NOTES TO UNAUDITED CONSOLIDATED FINANCIAL STATEMENTS
10. Senior Unsecured Notes and Secured Debt
     We have $2,135,422,000 of senior unsecured notes with annual stated interest rates ranging from 3.00% to 8.00%. The carrying amounts of the senior unsecured notes represent the par value of $2,164,930,000 adjusted for any unamortized premiums or discounts and other basis adjustments related to hedging the debt with derivative instruments. See Note 11 for further discussion regarding derivative instruments.
     During the three months ended December 31, 2006, we issued $345,000,000 of 4.75% senior unsecured convertible notes due December 2026, generating net proceeds of $337,517,000. The notes are convertible, in certain circumstances, into cash and, if applicable, shares of common stock at an initial conversion rate of 20.8833 shares per $1,000 principal amount of notes, which represents an initial conversion price of approximately $47.89 per share. In general, upon conversion, the holder of each note would receive, in respect of the conversion value of such note, cash up to the principal amount of such note and common stock for the note’s conversion value in excess of such principal amount. In addition, on each of December 1, 2011, December 1, 2016 and December 1, 2021, holders may require us to purchase all or a portion of their notes at a purchase price in cash equal to 100% of the principal amount of the notes to be purchased, plus any accrued and unpaid interest.

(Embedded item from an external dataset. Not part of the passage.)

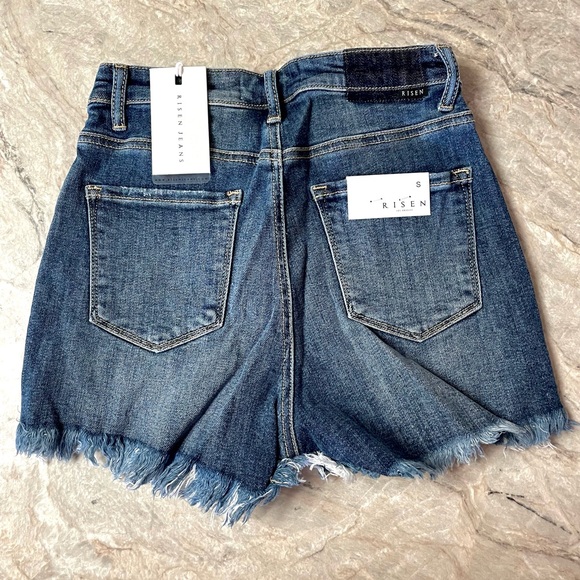 Folded waist Jean Shorts XS/S - Picture 2 of 6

During the three months ended March 31, 2009, we extinguished $5,000,000 of these notes and recognized a gain of $446,000. During the six months ended June 30, 2010, we extinguished $214,412,000 of these notes, recognized a loss of $8,837,000 and paid $18,552,000 to reacquire the equity component of convertible debt. As of June 30, 2010, we had $125,588,000 of these notes outstanding.
     In July 2007, we issued $400,000,000 of 4.75% senior unsecured convertible notes due July 2027, generating net proceeds of $388,943,000. The notes are convertible, in certain circumstances, into cash and, if applicable, shares of our common stock at an initial conversion rate of 20.0000 shares per $1,000 principal amount of notes, which represents an initial conversion price of approximately $50.00 per share. In general, upon conversion, the holder of each note would receive, in respect of the conversion value of such note, cash up to the principal amount of such note and common stock for the note’s conversion value in excess of such principal amount. In addition, on each of July 15, 2012, July 15, 2017 and July 15, 2022, holders may require us to purchase all or a portion of their notes at a purchase price in cash equal to 100% of the principal amount of the notes to be purchased, plus any accrued and unpaid interest. During the three months ended March 31, 2009, we extinguished $5,000,000 of these notes and recognized a gain of $594,000. During the six months ended June 30, 2010, we extinguished $226,914,000 of these notes, recognized a loss of $16,235,000 and paid $21,062,000 to reacquire the equity component of convertible debt. As of June 30, 2010, we had $168,086,000 of these notes outstanding.
     During the six months ended June 30, 2010, we issued $494,403,000 of 3.00% senior unsecured convertible notes due December 2029, generating net proceeds of $486,084,000. The notes are convertible, in certain circumstances, into cash and, if applicable, shares of common stock at an initial conversion rate of 19.5064 shares per $1,000 principal amount of notes, which represents an initial conversion price of approximately $51.27 per share. In general, upon conversion, the holder of each note would receive, in respect of the conversion value of such note, cash up to the principal amount of such note and common stock for the note’s conversion value in excess of such principal amount. In addition, on each of December 1, 2014, December 1, 2019 and December 1, 2024, holders may require us to purchase all or a portion of their notes at a purchase price in cash equal to 100% of the principal amount of the notes to be purchased, plus any accrued and unpaid interest. In connection with this issuance, we recognized $29,925,000 of equity component of convertible debt.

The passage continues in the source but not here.